Fulla has become a household name basically in the Muslim world since it was first introduced in 2003 as an alternative to the curvaceous flashy Barbie.
With long-sleeved dresses, hijab and a prayer mate, the dark-eyed doll provides an ideal role model for little Muslim girls and reflects the flourishing of Islamic values.
"I fear that female students would be questioned by police for having schoolbags bearing the photo of Fulla," said Abdullah al-Zawari, a journalist.
He said authorities could "stretch" law no. 108, which bans Tunisian women from donning the hijab, and accuse those students of violating the law.
The law was ratified in 1981 by late Tunisian president Habib Bourguiba (1956-1987).
Samira, a teacher, also lashed out at the security oppressive policy.
"It is tarnishing the image of Tunisia and a blatant violation of civil liberties," she fumed.
Authorities in the North African country are used to launching a campaign every academic year against hijab-clad female students and their bearded male peers.
"It is unbearable to have thousands of Tunisian families living the same nightmare every academic year because of hijab and beards," human rights activist Saida al-Akrami told IOL.
"Authorities, which boast about personal freedoms in Tunisia, do not practice what they preach," she added.
She blasted the campaign as illegal and unconstitutional, saying she filed a lawsuit against the government to revoke the controversial law.
"But the court has not considered the lawsuit though it was filed four years ago," she said.
Samira, the teacher, said the president adopts a double-standard policy.
"It is amazing that authorities target hijab-clad women and girls, while the president's wife and family members wore hijab when they performed hajj," she said.
Tunisian Religious Affairs Minister Aboubaker Akhzouri had slammed hijab as running counter to the country's "cultural legacy," considering the Islamic dress as a "foreign phenomenon" in society.
Islam sees Hijab as an obligatory code of dress, not a religious symbol displaying one’s affiliations.
"I have been living a nightmare.
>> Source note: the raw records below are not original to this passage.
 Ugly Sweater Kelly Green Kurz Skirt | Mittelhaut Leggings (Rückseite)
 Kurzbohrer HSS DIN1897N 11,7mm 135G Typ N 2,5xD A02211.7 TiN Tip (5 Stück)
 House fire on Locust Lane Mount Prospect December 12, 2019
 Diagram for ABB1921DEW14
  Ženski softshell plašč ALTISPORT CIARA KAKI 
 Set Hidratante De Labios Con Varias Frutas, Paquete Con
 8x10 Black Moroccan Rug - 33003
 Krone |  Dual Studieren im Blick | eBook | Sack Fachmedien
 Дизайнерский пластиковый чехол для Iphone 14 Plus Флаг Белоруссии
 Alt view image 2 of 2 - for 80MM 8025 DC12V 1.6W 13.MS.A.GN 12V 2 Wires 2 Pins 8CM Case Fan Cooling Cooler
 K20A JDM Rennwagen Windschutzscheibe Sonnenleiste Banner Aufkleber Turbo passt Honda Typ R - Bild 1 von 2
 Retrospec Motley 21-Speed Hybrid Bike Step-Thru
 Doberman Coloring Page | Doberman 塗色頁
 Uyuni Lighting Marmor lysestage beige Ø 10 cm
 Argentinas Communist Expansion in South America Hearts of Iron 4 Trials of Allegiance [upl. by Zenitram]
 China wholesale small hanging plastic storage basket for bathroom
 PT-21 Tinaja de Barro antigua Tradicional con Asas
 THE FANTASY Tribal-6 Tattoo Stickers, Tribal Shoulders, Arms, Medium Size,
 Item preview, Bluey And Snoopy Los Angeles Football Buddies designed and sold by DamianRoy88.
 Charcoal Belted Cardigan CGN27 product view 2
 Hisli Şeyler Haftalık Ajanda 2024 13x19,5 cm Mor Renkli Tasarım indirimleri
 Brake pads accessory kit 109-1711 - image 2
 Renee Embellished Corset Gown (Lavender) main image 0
I don't know how to cope with such an atmosphere," complained Fatima, who was kicked out of school because she wore a hijab.
"My colleagues and I were not allowed to join classes until we take off our headscarves," she added with a heavy heart.
Fatima has found herself between a rock and a hard place.
"I'm not ready to give up my education. However, I will not take off my hijab, which is a religious duty," she averred.